Monday, October 1, 2018

Vital Viewing (Symbiotic Relationship Edition)



The man on the right, actor Walter Matthau, was born on this day in 1920 (he died in 2000.) In 1998, he and frequent costar Jack Lemmon talked with Jay Leno:



I think Matthau was being facetious when he suggested he and Lemmon might have ended up driving or unloading a truck if not for the 1968 film version of The Odd Couple. At that point in time, Lemmon had been a pretty bankable movie star ever since winning an Oscar for playing Ensign Pulver in 1955's Mister Roberts. Matthau had a much slower start, but by his late 40s, he, too, was starting to become well-known. Not only had he won an Academy Award for Best Supporting Actor in 1966's The Fortune Cookie (the first film he appeared in with Lemmon)...


...but originated the role of messy Oscar Madison in the stage version of The Odd Couple, a humongous Broadway hit (that's Art Carney as tidy Felix Ungar, which reminds me, if, as Matthau said, Paramount Pictures originally wanted Jackie Gleason as Oscar, wouldn't it have made sense to pair him with the guy who played Ed Norton on The Honeymooners rather than Frank Sinatra?)

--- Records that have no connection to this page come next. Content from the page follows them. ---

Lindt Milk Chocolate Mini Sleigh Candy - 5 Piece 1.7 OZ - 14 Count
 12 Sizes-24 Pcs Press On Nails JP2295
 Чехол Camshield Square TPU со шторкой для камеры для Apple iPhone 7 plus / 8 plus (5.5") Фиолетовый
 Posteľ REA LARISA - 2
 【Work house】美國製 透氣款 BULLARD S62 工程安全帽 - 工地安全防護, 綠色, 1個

In the Leno clip, Matthau talks about how when making The Bad News Bears in 1976, the child actors he was working with knew only the sitcom version of The Odd Couple and thus Tony Randall as Felix, and Jack Klugman as Oscar


TV's most recent Oscar and Felix. Were they to remake The Bad News Bears a third time (the second was in 2005), I'm sure the child actors would recognize the names of Matthew Perry (Chandler on Friends) and Thomas Lennon (Jim Dangle on Reno 911!) before they would Klugman or Randell.


In 1982, there was an African-American Odd Couple with Ron Glass (Harris on Barney Miller) as Felix and Demond Wilson (Lamont of Sanford and Son) as Oscar. Since this TV version and the earlier one with Randall and Klugman were both produced by Garry Marshall, scripts from the first series were often used (with some black slang thrown in for authenticity's sake.) It only lasted one season.


A Saturday morning Odd Couple.


They have yet to make a movie or TV series based on it, but in the 1980s there was a female Odd Couple in another Broadway version that ran for about a year. Sally Struthers (Gloria on All in the Family) played neat freak Florence Ungar and Rita Moreno (Anita in West Si--aw, c'mon, the woman's a living legend!) portrayed sloppy Olive Madison.


Some have argued that Jon Cryer and Charlie Sheen of Two and a Half Men were really just Felix and Oscar with different names.


In 1998, Neil Simon, the man who came up with the idea in the first place, wrote a movie sequel titled The Odd Couple 2 starring Matthau and Lemmon. It flopped at the box office, but I liked it anyway.

However, I like the 1968 movie version, which DIDN'T flop at the box office, much, much more:


Altogether, Walter Matthau and Jack Lemmon made 10 films together. One more and they would have tied with Fred and Ginger.